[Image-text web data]
○ ○ ○ ○ ○

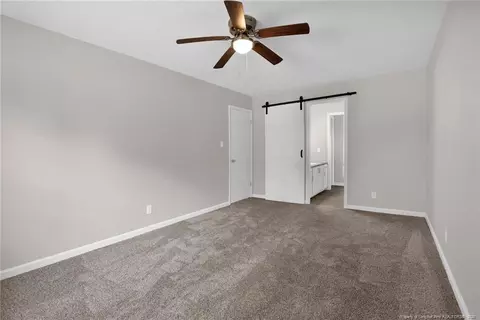 Bedroom - 175 Eulon Loop, Raeford, NC 28376 photo 2 of 7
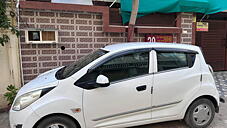 Used Chevrolet Beat LT LPG in Varanasi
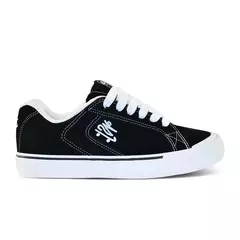 Qix Chorão Park Preto/Branco - comprar online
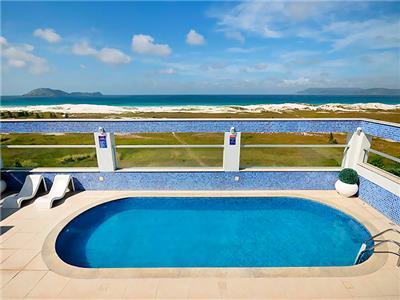 Hotel Balneario Cabo Frio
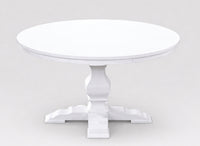 Summer Round Dining Table 120 CM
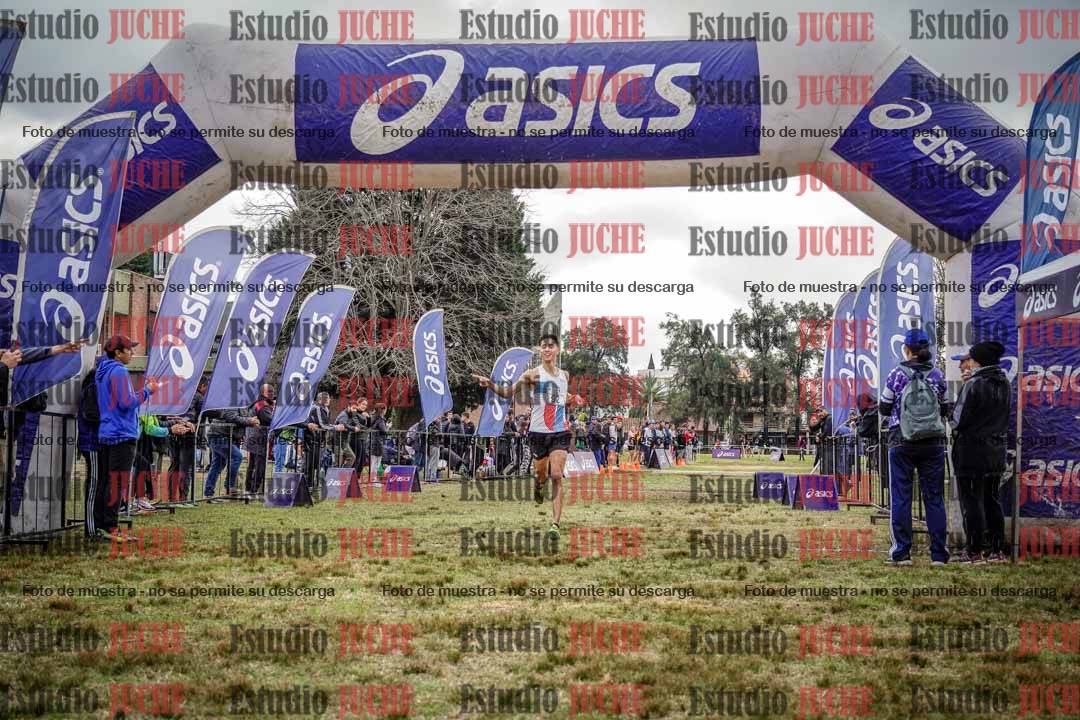 Fotos de la llegada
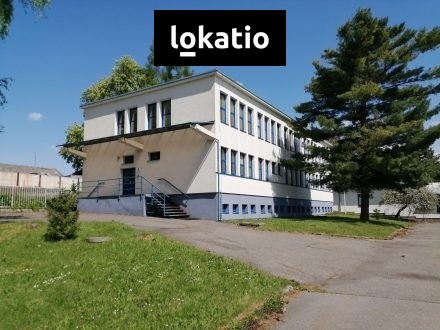 Pronájem skladu / haly, 330 m² 0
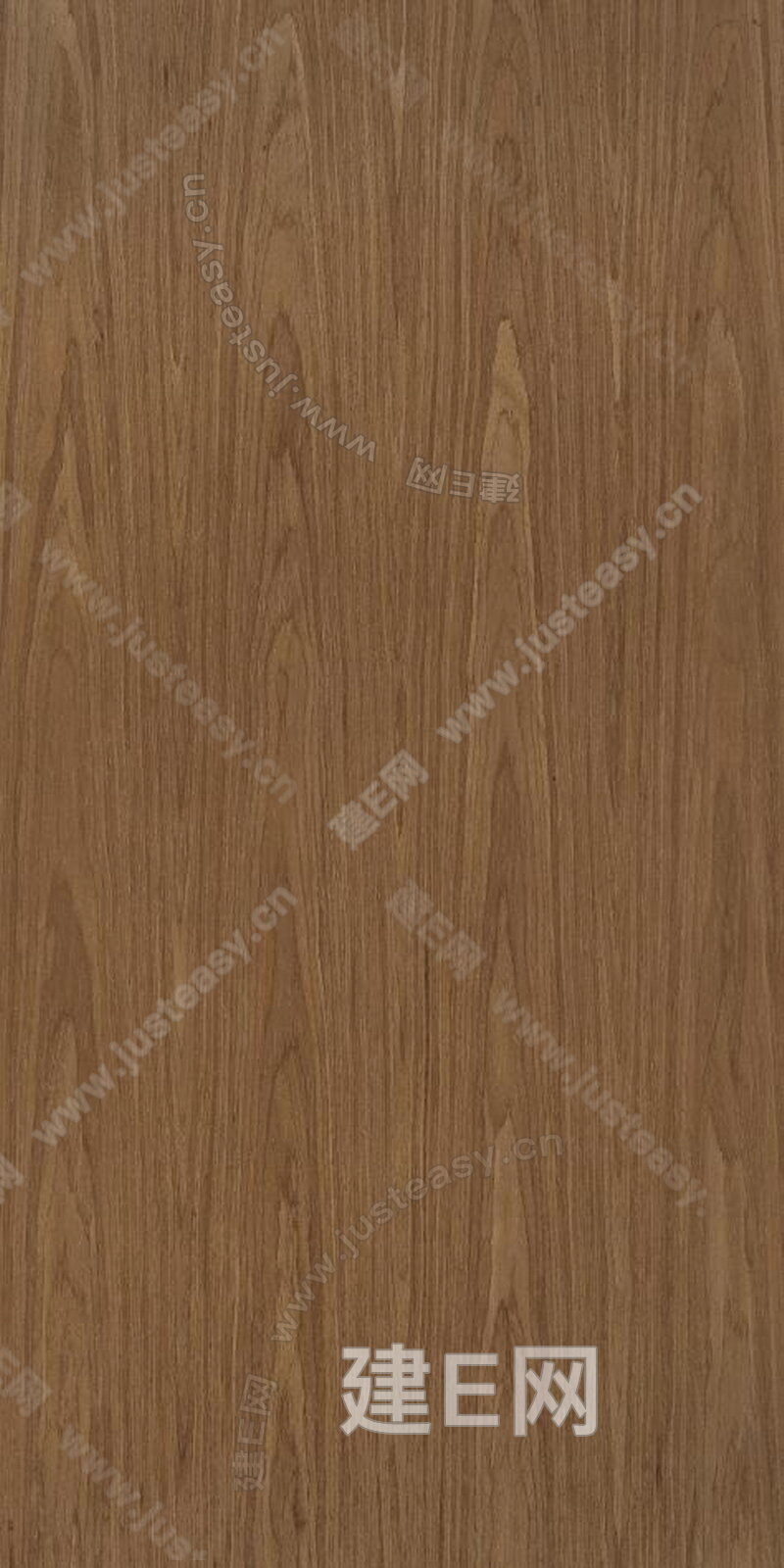 咖色胡桃木木纹贴图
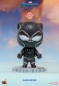 Preview: Avengers: Endgame Cosbi Mini Figure Black Panther 8 cm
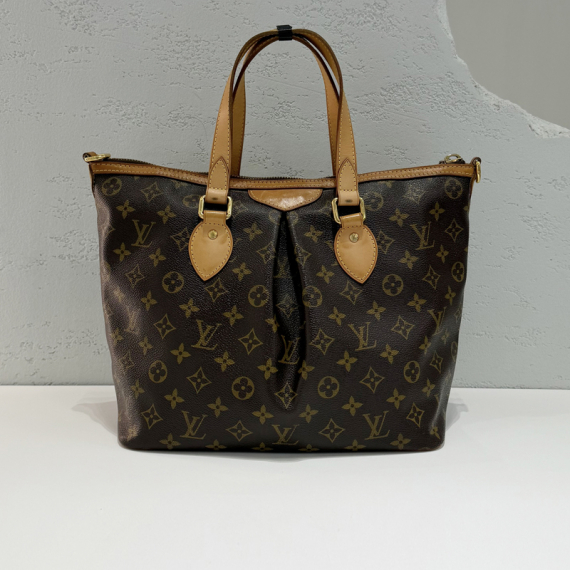 루이비통 모노그램 팔레모 PM 숄더백 M40145 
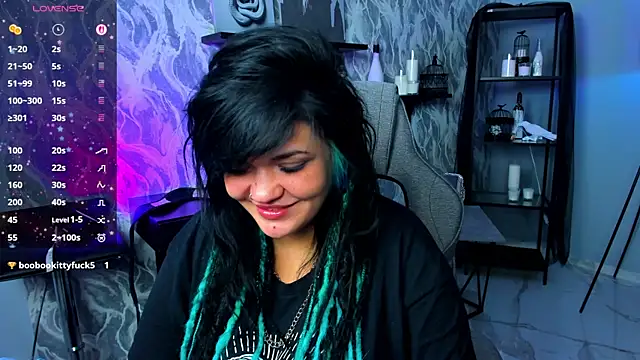 MaryHarrys online show from 16, 11, 2025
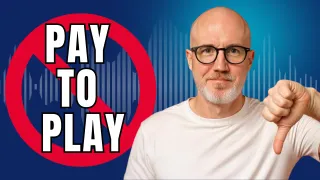 When Should You Join Pay-to-Play Sites in Voiceover?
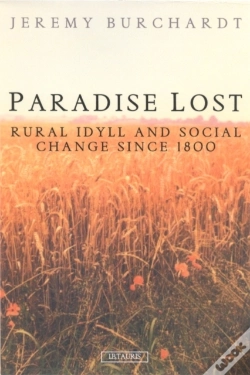 Capa do artigo Paradise Lost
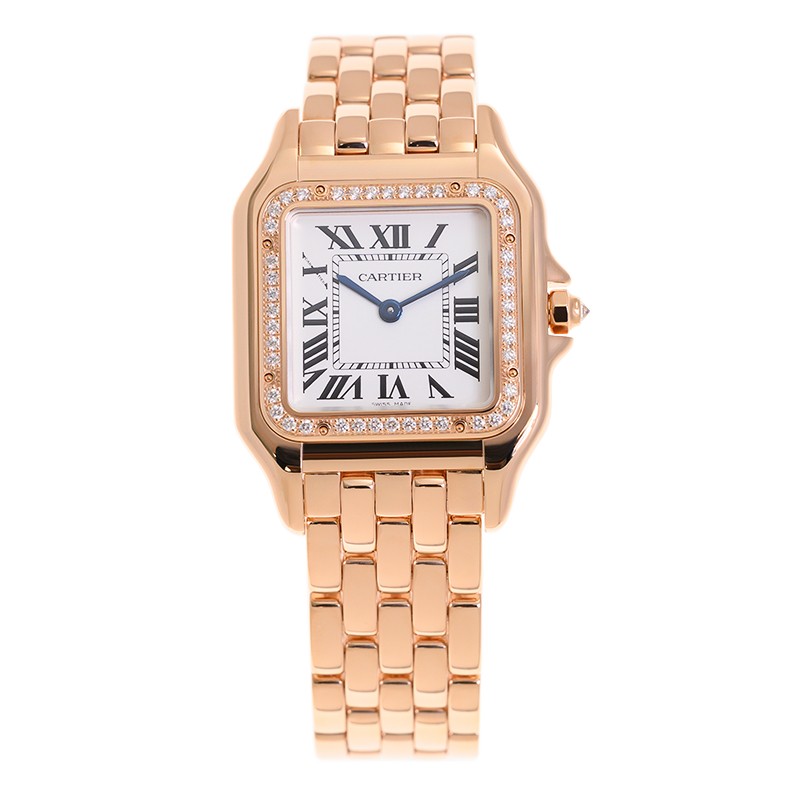 NEW CARTIER PANTHeRE DE CARTIER WJPN0088 2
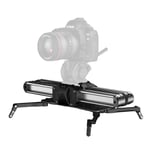 Zeapon Micro 2 Micro Rail Camera Slider with EasyLock 2 and Ball Head Kit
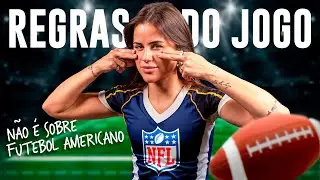 Domine as Regras do Jogo para Vencer na VIDA e nos NEGÓCIOS | Isabela Matte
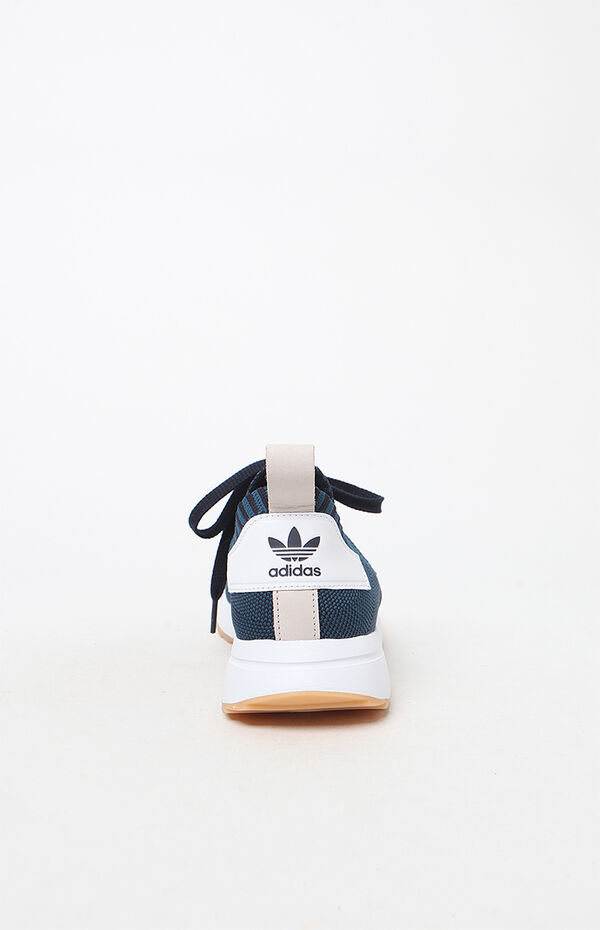 adidas Women's Flashback Sneakers | Pacsun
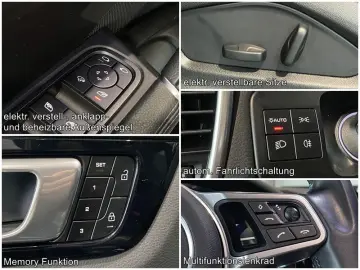 Cayenne Platinum Edition PCM PDLS Pano Sthz 21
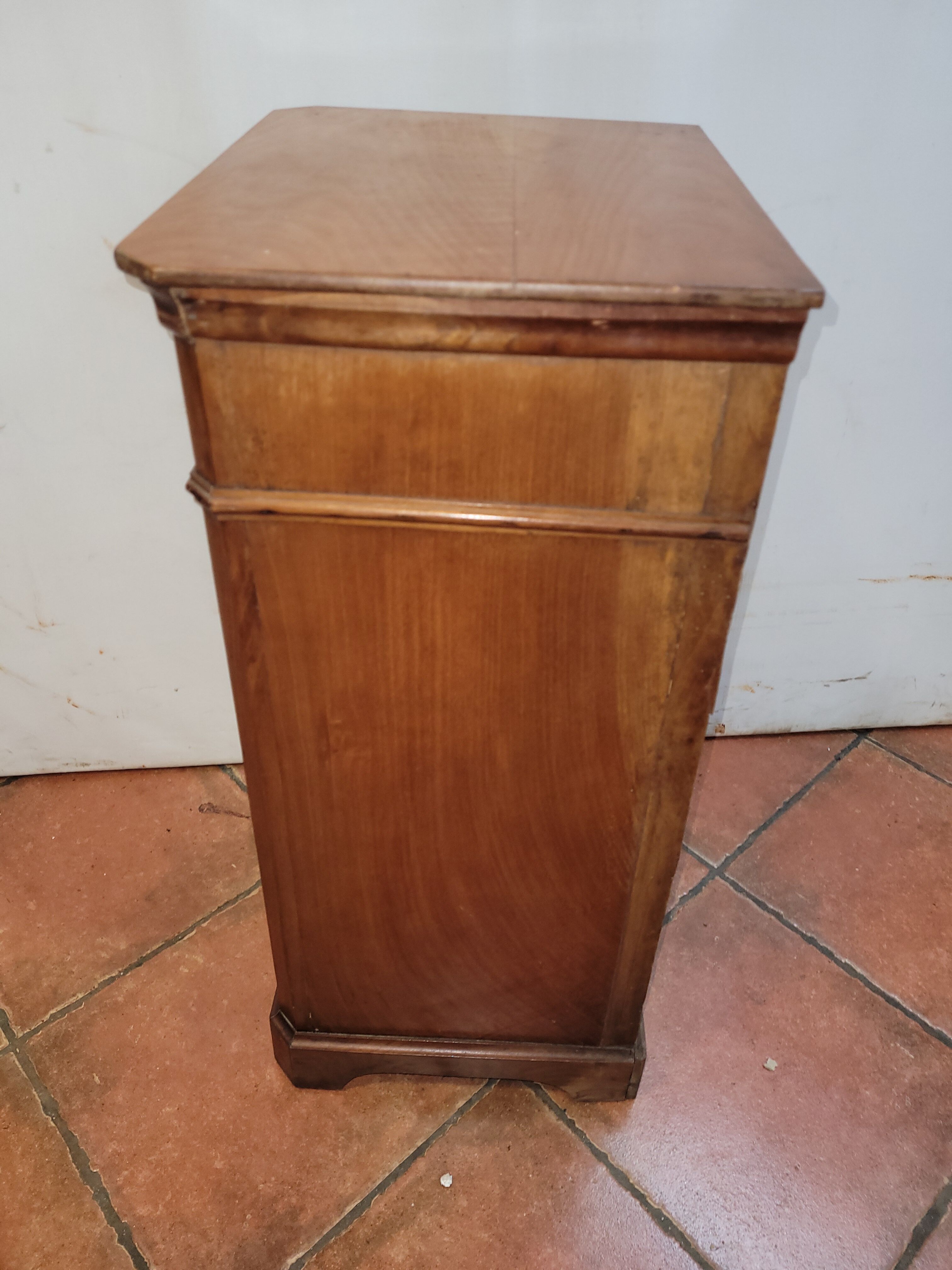 Bedside Louis Philippe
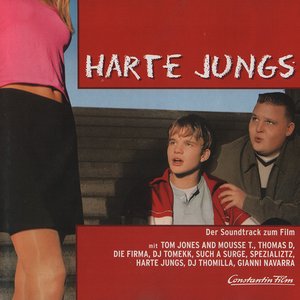 Harte Jungs (Der Soundtrack Zum Film)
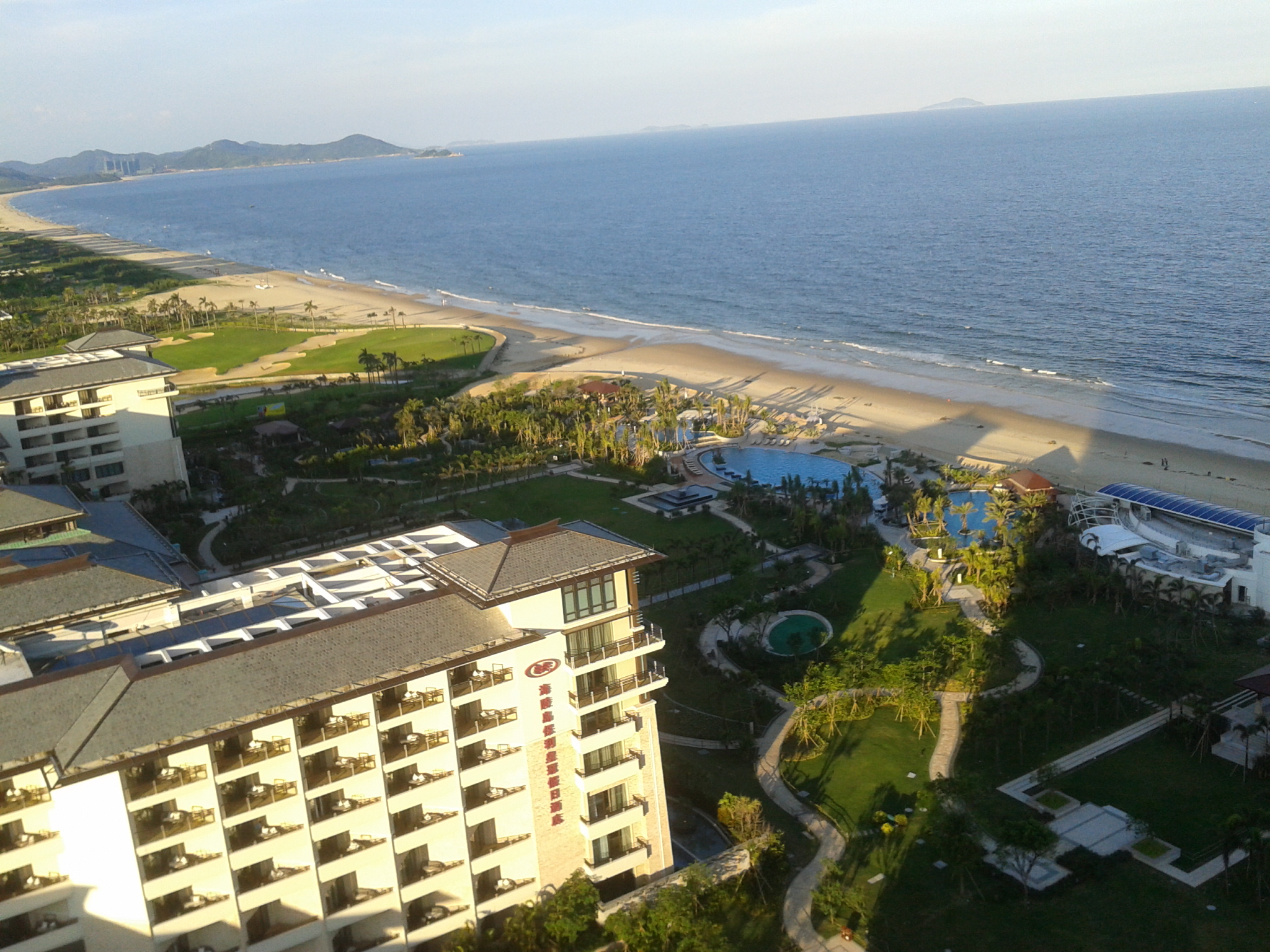 阳江闸坡+-+阳江游记攻略【携程攻略】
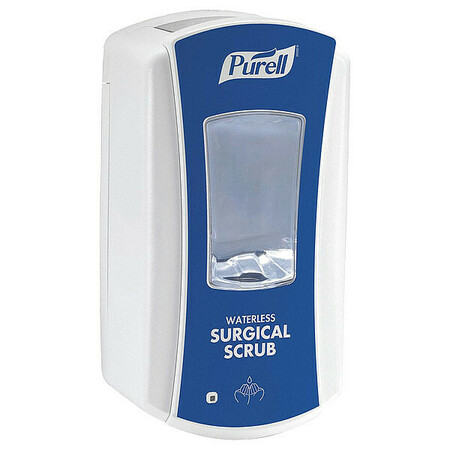 PURELL LTX-12 Surgical Scrub Dispenser, Touch-Free, 1200mL, PK4 1932-04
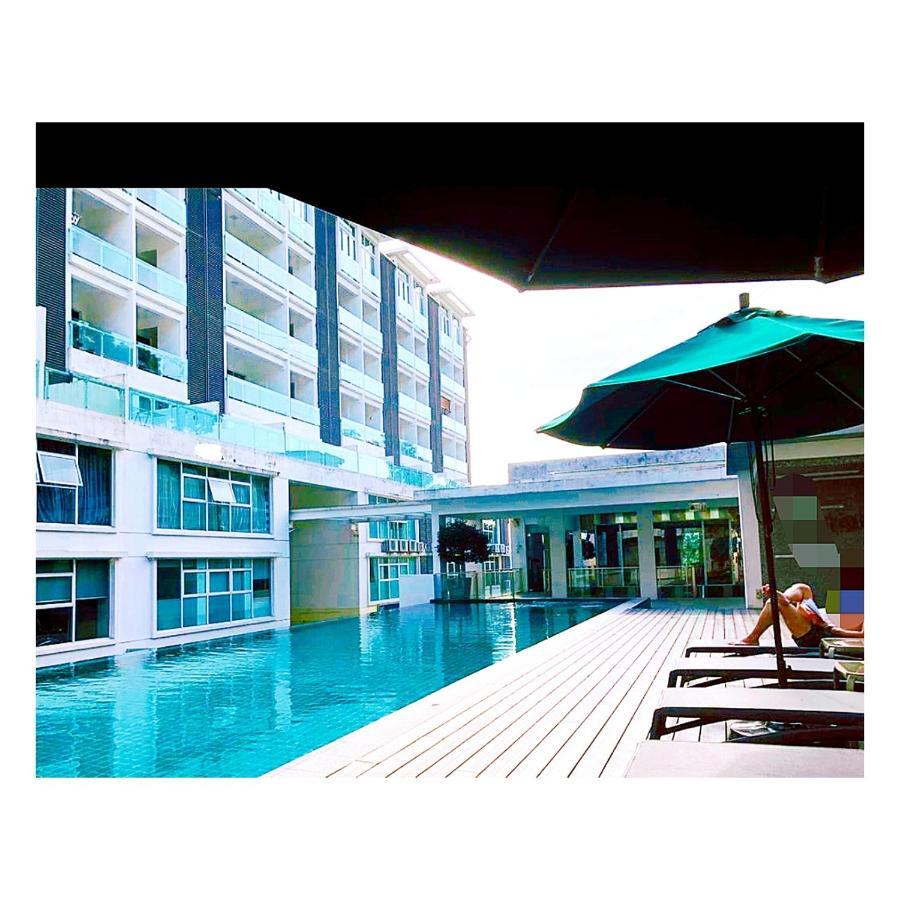 Corporate Hotel Suites At Hartamas / Mont Kiara Kuala Lumpur Exterior photo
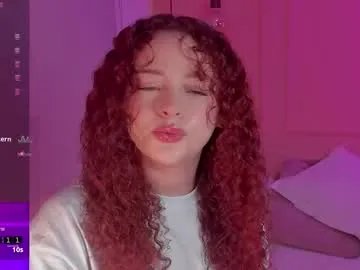 Freechat lovely_emma18 on Chaturbate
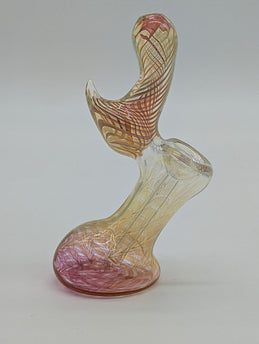 Custom bubbler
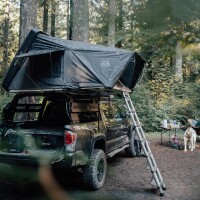 Skycamp Rainfly Edición Especial - Camp Vibes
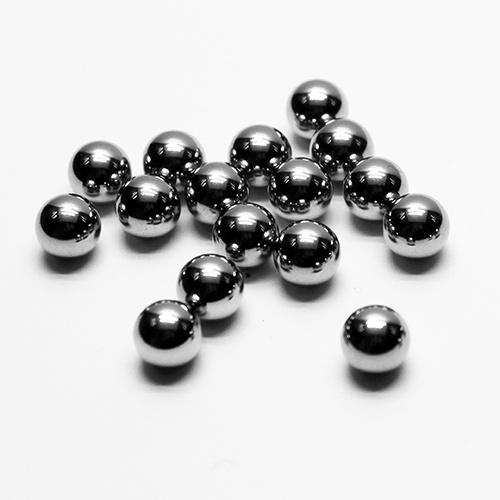 Carbon Steel Ball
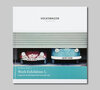 Buchcover Work Exhibition 1.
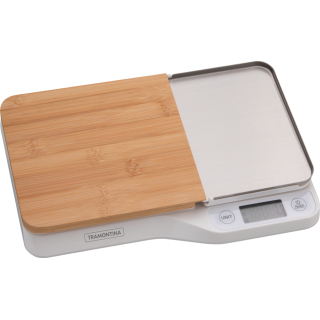 Balanza Digital De Cocina Tramontina Adatto 61101/010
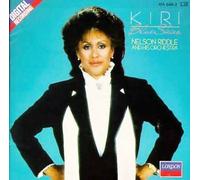 Blue Skies by Kiri Te Kanawa [Audio CD] NEUF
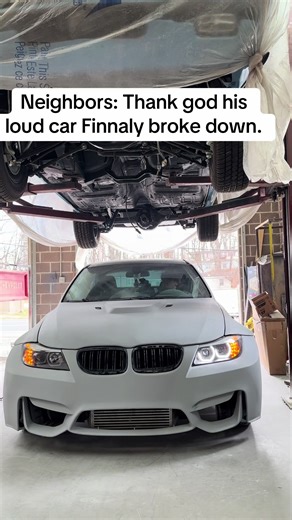 Twin Turbo V8 Power: BMW E90 and X5M Performance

○ ○ ○ ○ ○

**PROBLEM TO WORK ON**
Find the line with "When Should You" in the data above, and from there retype each line exactly through the line with "PURELL LTX-12 Surgical", skipping the pictures along the way.

**RESPONSE FOR THIS EXERCISE**
 When Should You Join Pay-to-Play Sites in Voiceover?
 Capa do artigo Paradise Lost
 NEW CARTIER PANTHeRE DE CARTIER WJPN0088 2
 Zeapon Micro 2 Micro Rail Camera Slider with EasyLock 2 and Ball Head Kit
 Domine as Regras do Jogo para Vencer na VIDA e nos NEGÓCIOS | Isabela Matte
 adidas Women's Flashback Sneakers | Pacsun
 Cayenne Platinum Edition PCM PDLS Pano Sthz 21
 Bedside Louis Philippe
 Harte Jungs (Der Soundtrack Zum Film)
 阳江闸坡+-+阳江游记攻略【携程攻略】
 PURELL LTX-12 Surgical Scrub Dispenser, Touch-Free, 1200mL, PK4 1932-04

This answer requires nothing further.